In an excel (.xlsx) file, I have 2 sets of data, each set in a separate tab of the file:
Data set 1. “DB Units” contains 41,786 unique people names, that’s the client base of a Business chain, and there is a field (column) that identifies to which unit of the chain each client belongs.
Data set 2. “DB Vendor” contains 2,022 people names, they are visitors from a vendor who may have visited one or more units of the chain.
This Project consists in identifying which of the vendor visitors are already within the client base of the chain, and to which unit those found belong.
Be aware of the following:
- Both data sets come from different sources and the name of the same person may not be written identically. That is the challenge of this project; we have already identified the exact matches, but odds are that there are more matching visitors that have not yet been identified since one or more characters may differ between sets.
- The names are in Spanish and some contain the Spanish character “ñ”. We have taken out accents (á, é, í, ó, ú) from both sets.
- We have taken out special characters and double or triple spaces, leaving a single space between words on both sets.
- Complete names are usually formed by first names (first, middle and probably a third name) and 2 last names.

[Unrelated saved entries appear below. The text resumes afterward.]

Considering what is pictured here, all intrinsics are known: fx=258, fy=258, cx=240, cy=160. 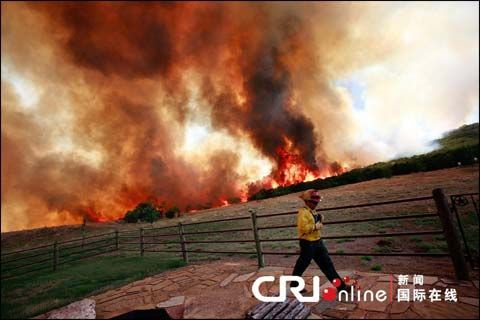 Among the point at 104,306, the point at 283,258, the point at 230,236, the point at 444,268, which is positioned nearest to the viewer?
the point at 104,306

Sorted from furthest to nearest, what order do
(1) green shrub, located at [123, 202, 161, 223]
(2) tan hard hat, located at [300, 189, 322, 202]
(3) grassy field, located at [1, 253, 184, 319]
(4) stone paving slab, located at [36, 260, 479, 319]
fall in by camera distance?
(1) green shrub, located at [123, 202, 161, 223] < (3) grassy field, located at [1, 253, 184, 319] < (2) tan hard hat, located at [300, 189, 322, 202] < (4) stone paving slab, located at [36, 260, 479, 319]

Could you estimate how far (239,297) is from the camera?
4.05 m

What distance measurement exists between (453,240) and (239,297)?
130 inches

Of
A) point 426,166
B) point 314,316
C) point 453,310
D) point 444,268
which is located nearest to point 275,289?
point 314,316

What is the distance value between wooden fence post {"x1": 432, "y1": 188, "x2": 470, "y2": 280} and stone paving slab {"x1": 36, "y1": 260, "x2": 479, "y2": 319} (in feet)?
0.48

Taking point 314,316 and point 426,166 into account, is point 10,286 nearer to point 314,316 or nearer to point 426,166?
point 314,316

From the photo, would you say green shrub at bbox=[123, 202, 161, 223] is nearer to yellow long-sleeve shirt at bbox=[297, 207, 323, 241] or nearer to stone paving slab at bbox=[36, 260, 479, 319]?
stone paving slab at bbox=[36, 260, 479, 319]

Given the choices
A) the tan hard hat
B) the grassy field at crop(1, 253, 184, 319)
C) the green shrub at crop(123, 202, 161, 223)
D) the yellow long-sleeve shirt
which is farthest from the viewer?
A: the green shrub at crop(123, 202, 161, 223)

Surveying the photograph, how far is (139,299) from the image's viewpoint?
15.4ft

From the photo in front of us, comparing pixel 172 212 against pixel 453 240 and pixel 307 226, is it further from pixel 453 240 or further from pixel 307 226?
pixel 453 240

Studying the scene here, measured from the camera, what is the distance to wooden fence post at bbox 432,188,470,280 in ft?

Examples:
- Maria Antonieta Jimenez Martinez (Maria and Antonieta are first and middle names, Jimenez Martinez are both last names)
- Juan Roberto Lucas Vazquez Ramos (Juan Roberto Lucas are all names, while Vazquez Ramos are both last names)
We need someone who can go further than a vlookup search and can identify variations of the same name. We need you to identify and tag different types of matches:
- Type 1: Exact matches
- Type 2: High certainty matches: in which one or two letters may be missing from a typo but the rest of the name is the same
- Type 3: Medium certainty matches:
- One of two names may be omitted or abbreviated
E.g. Maria Rosa Jimenez Juarez vs. Ma. Rosa Jimenez Juarez, or Juan E. Lopez Vazquez vs. Juan Enrique Lopez Vazquez, or Juan Lopez Vazquez
- One last name may be missing. E.g. Juan Jose Rodriguez vs. Juan Jose Rodriguez Villanueva
- Any combination of the above that could lead to a match but there is not 100% certainty.
The end product is the list on the “DB Vendor” tab, having filled two fields for each match:
1. Match type
2. The corresponding “Consecutive unit” value for the Name Vendor that matched. (See excel file).